15.3. 15.3 Parallel programming

Partly due to the use of different architectures and the novelty of the field, a large number of parallel programming models has been proposed. The most popular models today are message passing as specified in the Message Passing Interface standard (MPI), and structured shared-memory programming as specified in the OpenMP standard. These programming models are discussed in Subsections 15.3.1 and 15.3.2, respectively. Other important models such as threads programming, data parallelism, and automatic parallelisation are outlined in Subsection 15.3.3.

15.3.1. 15.3.1 MPI programming

As the name says, MPI is based on the programming model of message passing. In this model, several processes run in parallel and communicate with each other by sending and receiving messages. The processes do not have access to a shared memory, but accomplish all communication through explicit message exchange. A communication involves exactly two processes: one that executes a send operation, and another that executes a receive operation. Beyond message passing, MPI includes collective operations and other communication mechanisms.

Message passing is asymmetric in that the sender must state the identity of the receiver, whereas the receiver may either state the identity of the sender, or declare its willingness to receive data from any source. As both sender and receiver must actively take part in a communication, the programmer must plan in advance when a particular pair of processes will communicate. Messages can be exchanged for several purposes:

  • exchange of data with details such as the size and types of data having been planned in advance by the programmer

  • exchange of control information that concerns a subsequent message exchange, and

  • synchronisation that is achieved since an incoming message informs the receiver about the sender's progress. Additionally, the sender may be informed about the receiver's progress, as will be seen later. Note that synchronisation is a special case of communication.

The MPI standard has been introduced in 1994 by the MPI forum, a group of hardware and software vendors, research laboratories, and universities. A significantly extended version, MPI-2, appeared in 1997. MPI-2 has about the same core functionality as MPI-1, but introduces additional classes of functions.

MPI describes a set of library functions with language binding to C, C++, and Fortran. With notable exceptions in MPI-2, most MPI functions deal with interprocess communication, leaving issues of process management such as facilities to start and stop processes, open. Such facilities must be added outside the standard, and are consequently not portable. For this and other reasons, MPI programs typically use a fixed set of processes that are started together at the beginning of a program run. Programs can be coded in SPMD or MPMD styles. It is possible to write parallel programs using only six base functions:

  • MPI_Init must be called before any other MPI function.

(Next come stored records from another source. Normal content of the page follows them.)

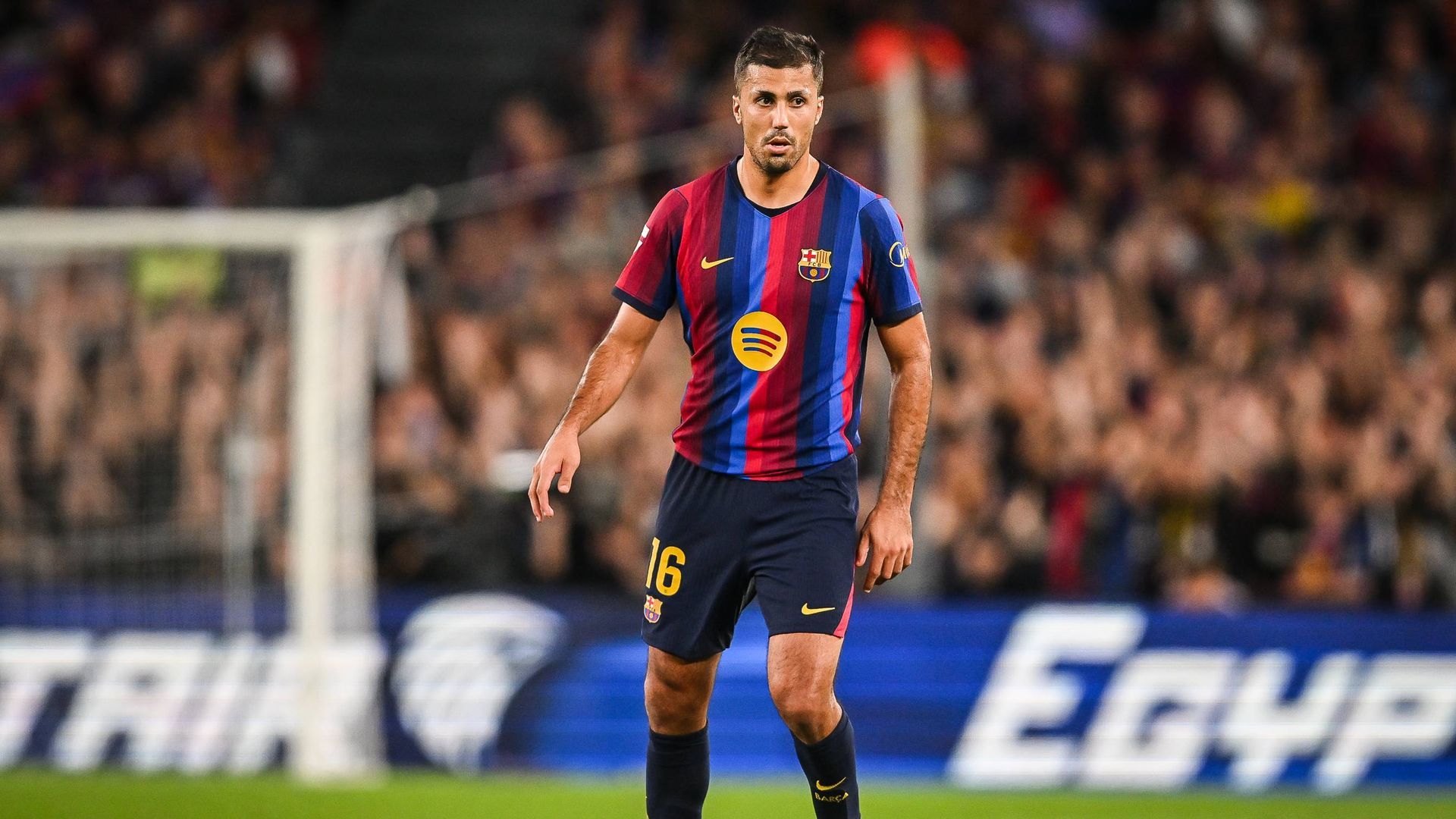 Rodri Hernández, en un partido del Barça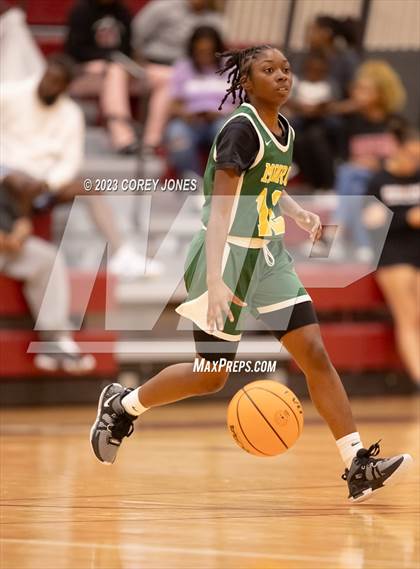 Thumbnail 1 in Monroe vs Warner Robins (Hardwood Invitational) photogallery.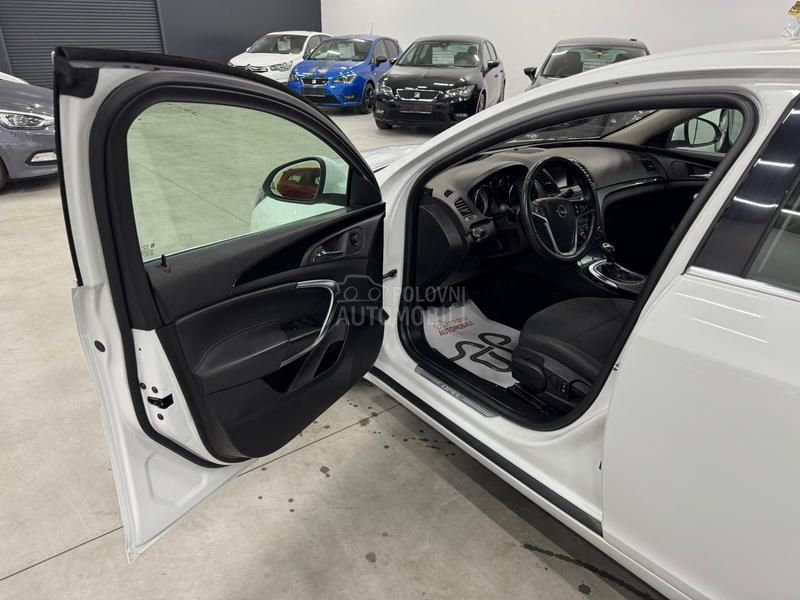 Opel Insignia 2.0 CDTI COSMO CH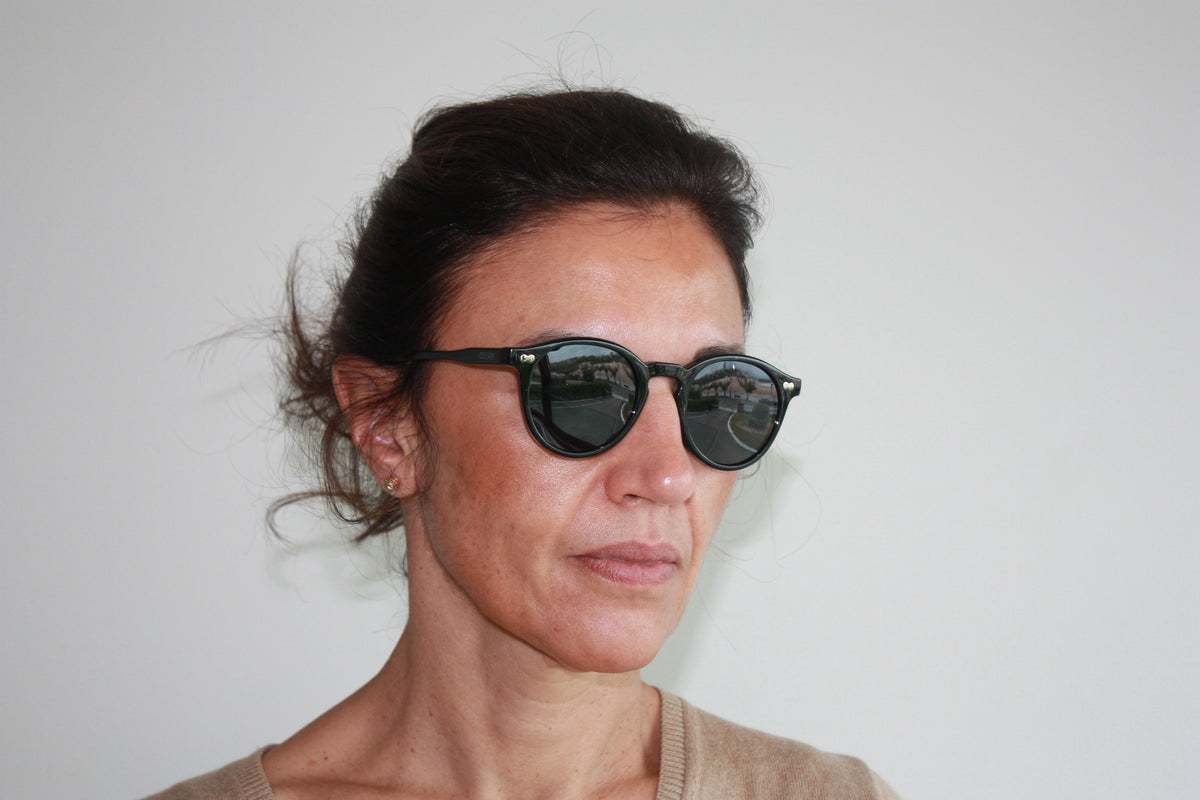 BOWIE - Shiny Black frame / Smoke lens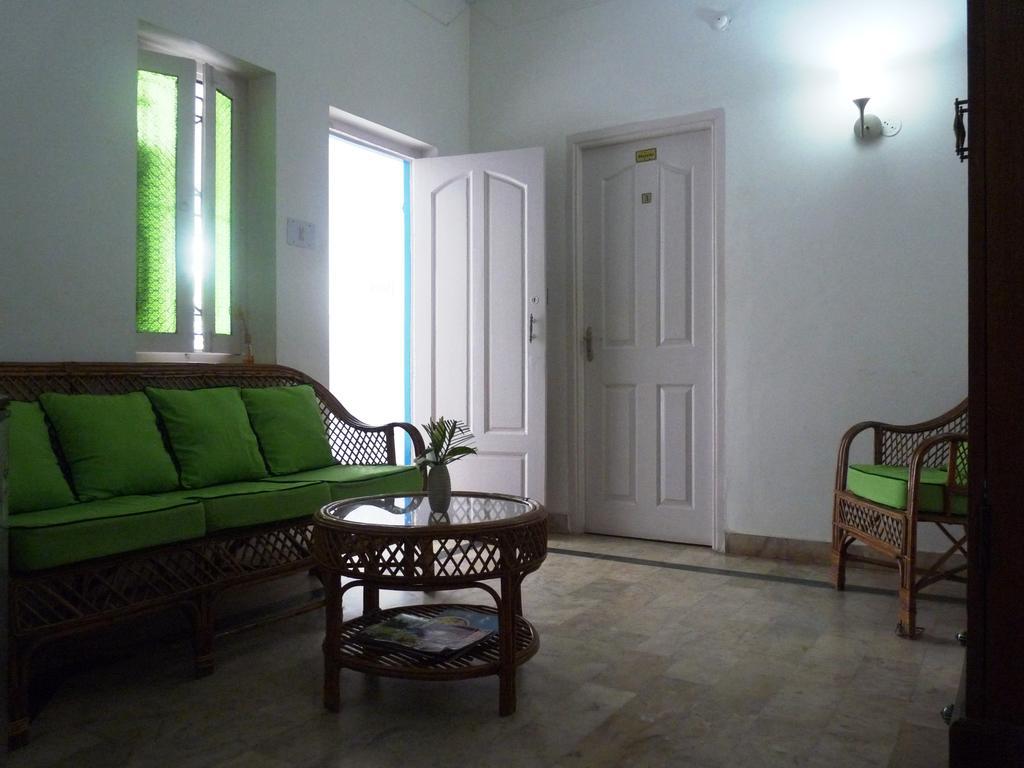 Hotel L'Escale Puducherry Exterior foto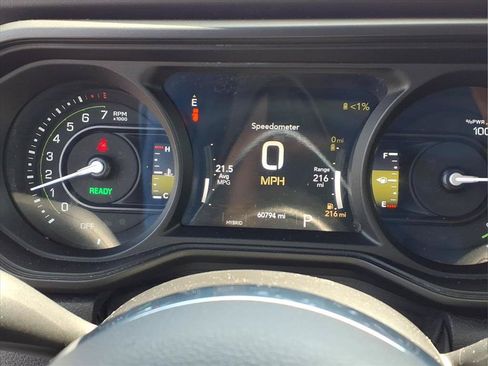 Used 2024 Jeep Wrangler Unlimited Sahara AWD/4WD image 14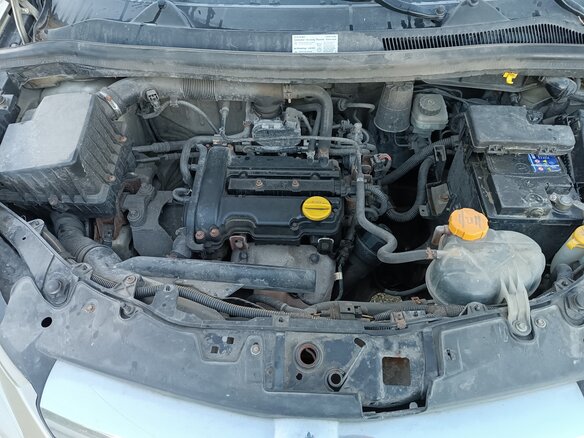2006 Opel Corsa D, серый, 300000 рублей - вид 3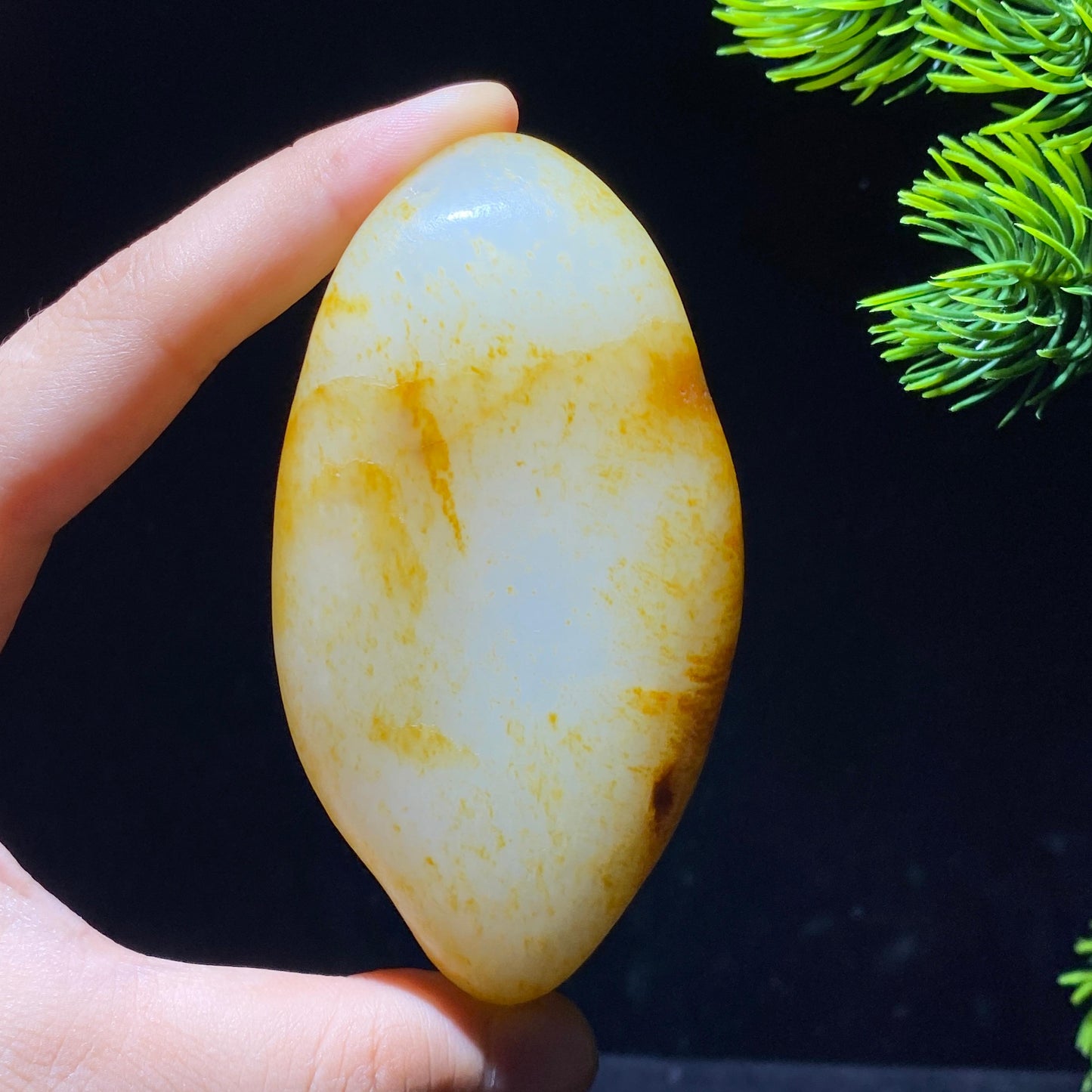 和田玉洒金皮籽料原石(182g)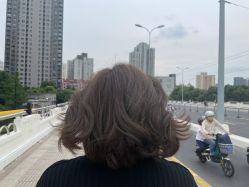 -镁连社·美联社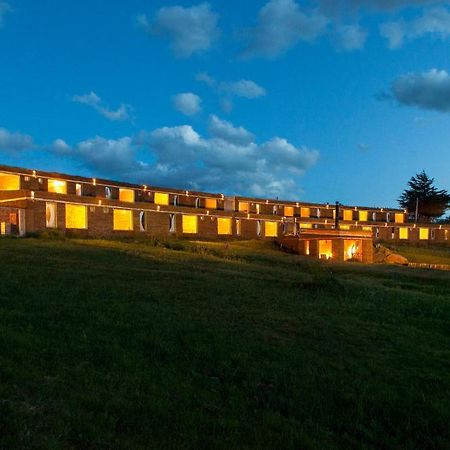 Hotel Altiplanico Puerto Natales Exterior photo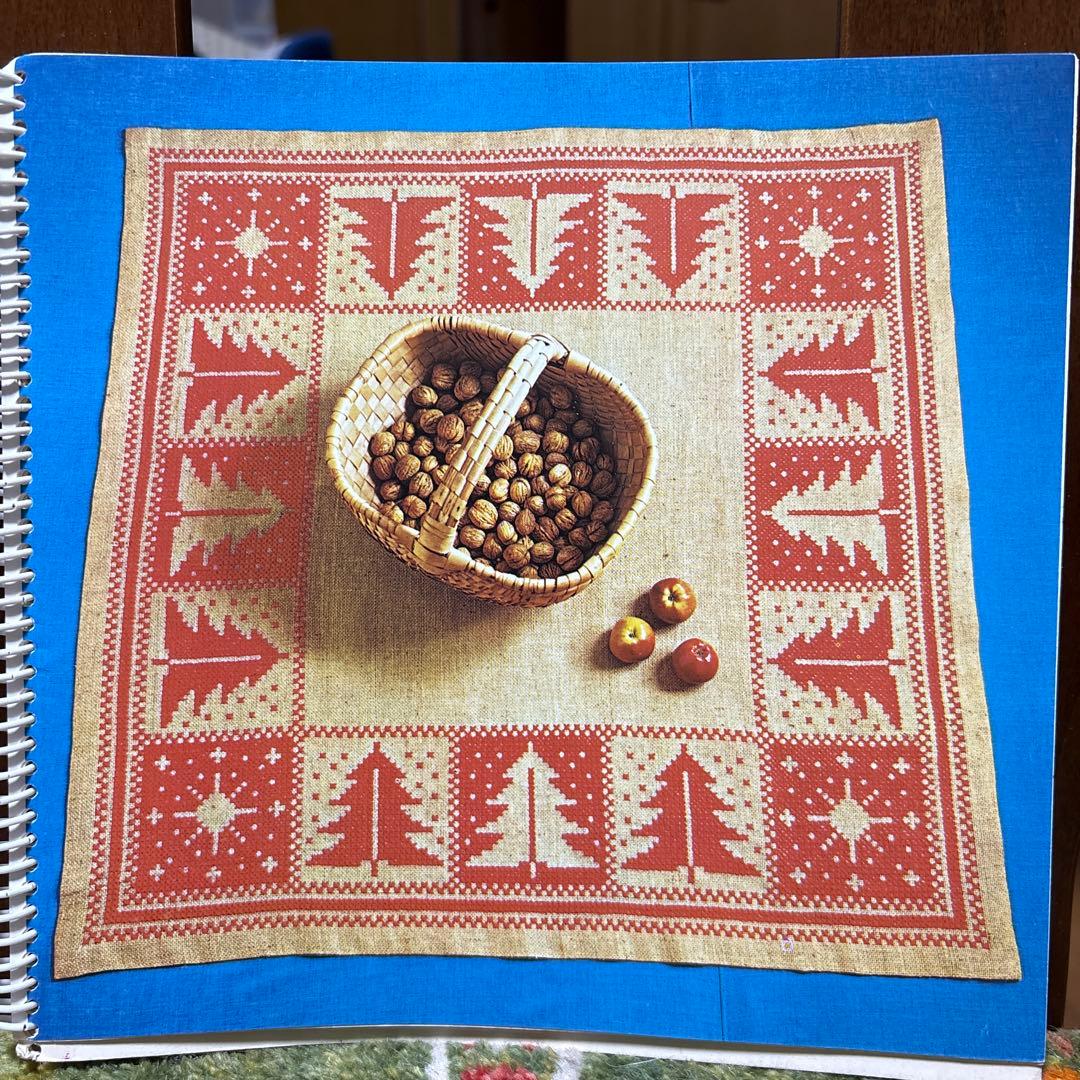 希少　フレメ刺繍　クリスマスクロスステッチ図案集　全79ページ　断捨離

  • MPI_Finalize must be called after the last MPI function.

  • MPI_Comm_size yields the total number of processes in the program.

  • MPI_Comm_rank yields the number of the calling process, with processes being numbered starting from 0.

  • MPI_Send sends a message. The function has the following parameters:

    • address, size, and data type of the message,

    • number of the receiver,

    • message tag, which is a number that characterises the message in a similar way like the subject characterises an email,

    • communicator, which is a group of processes as explained below.

  • MPI_Recv receives a message. The function has the same parameters as MPI_Send, except that only an upper bound is required for the message size, a wildcard may be used for the sender, and an additional parameter called status returns information about the received message, e.g. sender, size, and tag.

Figure 15.6 depicts an example MPI program.

Figure 15.6.  A simple MPI program.

A simple MPI program.


Although the above functions are sufficient to write simple programs, many more functions help to improve the efficiency and/or structure MPI programs. In particular, MPI-1 supports the following classes of functions:

  • Alternative functions for pairwise communication: The base MPI_Send function, also called standard mode send, returns if either the message has been delivered to the receiver, or the message has been buffered by the system. This decision is left to MPI. Variants of MPI_Send enforce one of the alternatives: In synchronous mode, the send function only returns when the receiver has started receiving the message, thus synchronising in both directions. In buffered mode, the system is required to store the message if the receiver has not yet issued MPI_Recv.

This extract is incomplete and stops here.